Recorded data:
--- --- ---
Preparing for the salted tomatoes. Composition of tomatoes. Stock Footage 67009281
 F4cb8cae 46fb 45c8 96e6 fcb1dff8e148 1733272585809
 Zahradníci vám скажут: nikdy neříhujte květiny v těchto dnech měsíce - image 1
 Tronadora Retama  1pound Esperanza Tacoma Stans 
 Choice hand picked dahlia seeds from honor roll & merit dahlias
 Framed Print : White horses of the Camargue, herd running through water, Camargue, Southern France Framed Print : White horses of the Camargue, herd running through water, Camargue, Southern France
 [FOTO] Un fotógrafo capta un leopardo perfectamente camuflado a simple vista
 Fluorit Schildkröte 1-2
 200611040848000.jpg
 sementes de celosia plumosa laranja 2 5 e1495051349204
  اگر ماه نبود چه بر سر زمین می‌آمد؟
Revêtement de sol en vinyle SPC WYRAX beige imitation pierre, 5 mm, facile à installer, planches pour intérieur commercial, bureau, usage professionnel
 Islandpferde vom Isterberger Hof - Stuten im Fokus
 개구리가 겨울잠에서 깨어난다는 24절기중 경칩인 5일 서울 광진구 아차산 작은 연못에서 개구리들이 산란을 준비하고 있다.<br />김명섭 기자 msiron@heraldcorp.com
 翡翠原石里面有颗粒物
--- --- ---
Beginning with the line that holds "Esperanza Tacoma Stans", please return every line through the end of the data, exactly as written.

(Output for this task):
 Tronadora Retama  1pound Esperanza Tacoma Stans 
 Choice hand picked dahlia seeds from honor roll & merit dahlias
 Framed Print : White horses of the Camargue, herd running through water, Camargue, Southern France Framed Print : White horses of the Camargue, herd running through water, Camargue, Southern France
 [FOTO] Un fotógrafo capta un leopardo perfectamente camuflado a simple vista
 Fluorit Schildkröte 1-2
 200611040848000.jpg
 sementes de celosia plumosa laranja 2 5 e1495051349204
  اگر ماه نبود چه بر سر زمین می‌آمد؟
Revêtement de sol en vinyle SPC WYRAX beige imitation pierre, 5 mm, facile à installer, planches pour intérieur commercial, bureau, usage professionnel
 Islandpferde vom Isterberger Hof - Stuten im Fokus
 개구리가 겨울잠에서 깨어난다는 24절기중 경칩인 5일 서울 광진구 아차산 작은 연못에서 개구리들이 산란을 준비하고 있다.<br />김명섭 기자 msiron@heraldcorp.com
 翡翠原石里面有颗粒物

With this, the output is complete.